The sophisticated multi-pronged attack that struck RSA Security has resulted in the high profile IT security vendor overhauling the manufacturing and distribution of its SecurID tokens.

The attack compromised RSA Security's network of about 40 million tokens and involved the use of stolen SecurID information to launch an attack on a key RSA Security customer, Lockheed Martin, the US defence contractor in the early spring of last year.

While RSA officials have sought to minimise the fallout from the security faux pas - pointing to the fact that it has staged a free re-issue of SecurID tokens to its many users- critics point out that it took the security vendor a week before it started talking to the press and, by implication, its customers about the problem.

It then took RSA until June to reveal the technology that had been compromised by the attack, after which is started the lengthy process of re-issuing tokens to its clients.

That process - though ostensibly free - has actually cost clients using the hardware tokens many millions of dollars, pounds and euros in the staff costs of handling the re-issue, as well as significant other costs. As any CFO will confirm, whilst there are direct and indirect costs in any business activity, both categories involve the expenditure of money.

Art Coviello, the firm's executive chairman, may be relieved that a sizeable majority of RSA's customers have stayed with the company, but the reputational damage may come back to haunt him - and his successors - as many clients are locked into the technology because of already-committed costs.

But as updates are required, many clients will quietly look elsewhere, looking to the many alternatives that are available.

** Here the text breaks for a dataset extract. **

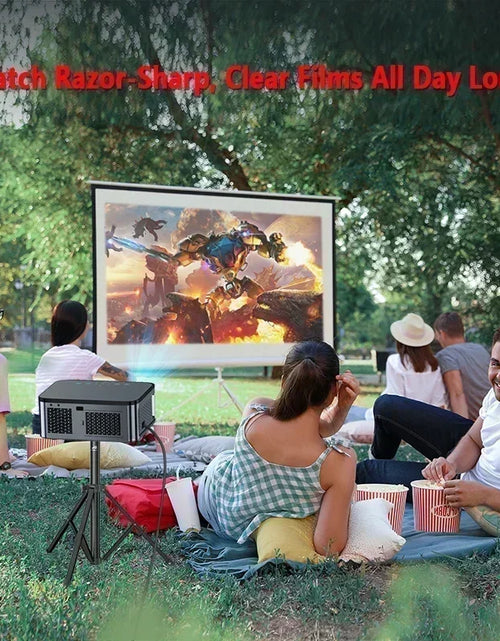 Load image into Gallery viewer, 800 Bright Lumens Android Projector HD WiFi6 Bluetooth 5.1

Last October, RSA president Tom Heiser revealed that the March 2011 attack on his firm's systems was a two-pronged attack, rather than a single incursion, and involved a mid-hack switch of attack vectors that his IT teams were aware of whilst they were happening.

"The remote attack was adapted to meet RSA's internal naming convention", he told his audience at RSA Europe in October 2011.

Despite Heiser's platitudes to his audience, it should be remembered that he was - in the main - speaking to clients who have been supportive of the firm's products and services - as well as a minority whose companies are locked into RSA's technology and must therefore learn to live with the attack.

It is interesting to note that security researcher Brian Krebs reported last October that the RSA hackers might have hit more than 760 firms.

"Security experts have said that RSA wasn't the only corporation victimized in the attack, and that dozens of other multinational companies were infiltrated using many of the same tools and Internet infrastructure. "

A year on, and a number of smaller security solution vendors are seeing RSA customers shopping around for alternative solutions rather than depend on the physical token. As an industry we have seen a huge spike in demand from RSA customers looking for a change, with many now turning to tokenless™ two-factor authentication which uses a mobile phone as the authentication medium.

A fundamental flaw with RSA's approach still means that critical customer security keys (seed records) remain with the manufacturers leaving the possibility of this happening again. A far better approach is taken by tokenless vendors that securely create these keys as required within your own company's security server.

As we approach the 12 months anniversary of the RSA Security hack, organisations that have been affected by having to re-deploy their `free' reissued hardware tokens would do well to reflect on the fact that - had they been using tokenless 2FA technology - the costs and timescales involved with issuing new tokens would have been significantly less.